Media Effects of Television Violence
A myriad of research has been conducted over the past 50 years concerning the effects of media violence. These studies have included experiments (laboratory, field, and natural) and surveys (both short-term and longitudinal surveys). For example, Andison (1977) examined the results of 153 laboratory experiments on the effects of violence in media. Of these 153 studies, he accumulated the results of 67 studies, which met his research criteria. He concluded that the results of these 67 studies demonstrated that there was a positive correlation, albeit weak, between watching violence on television and the proclivity to display aggression by the viewers of that violence. Paik and Comstock (1994) followed up with a meta-analysis of 217 studies on television violence, including field experiments, laboratory experiments, times series, and surveys. They concluded “the findings obtained in the last decade and a half strengthen the evidence that television violence increases aggressive and antisocial behavior” (538).
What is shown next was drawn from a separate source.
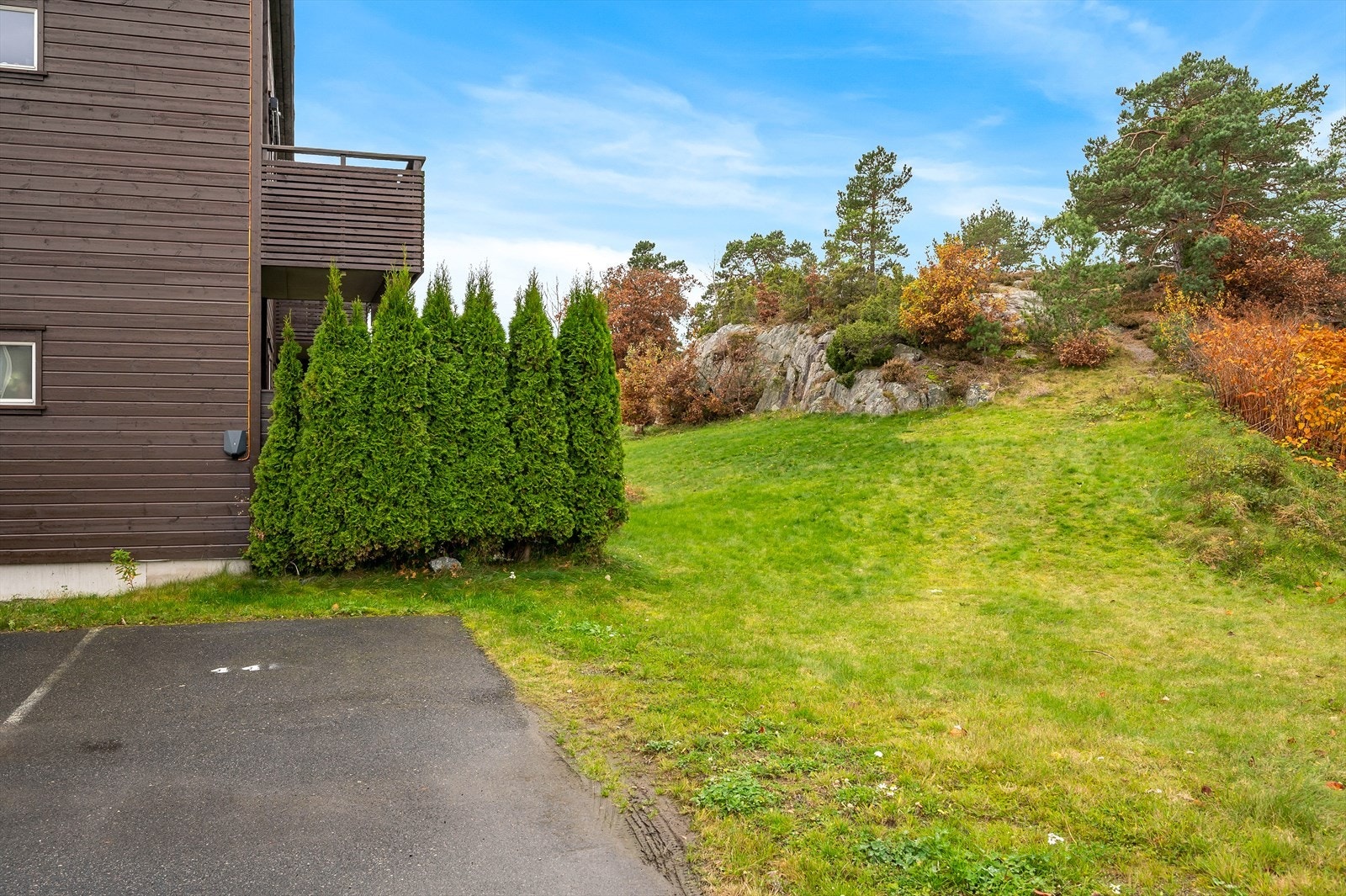 Parkeringsplass Galleribilde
Joy, Kimball, and Zaback (1986) studied the effects of the introduction of broadcast television on an isolated Canadian town that previously had no access to television. They compared the aggressive behavior of 45 children in that town to two other comparable Canadian towns that had already prior access to broadcast television for a number of years. Although some of their findings were inconsistent, they did report that after two years, the amount of verbal and physical aggression increased at a greater rate in the town in which television had been recently introduced.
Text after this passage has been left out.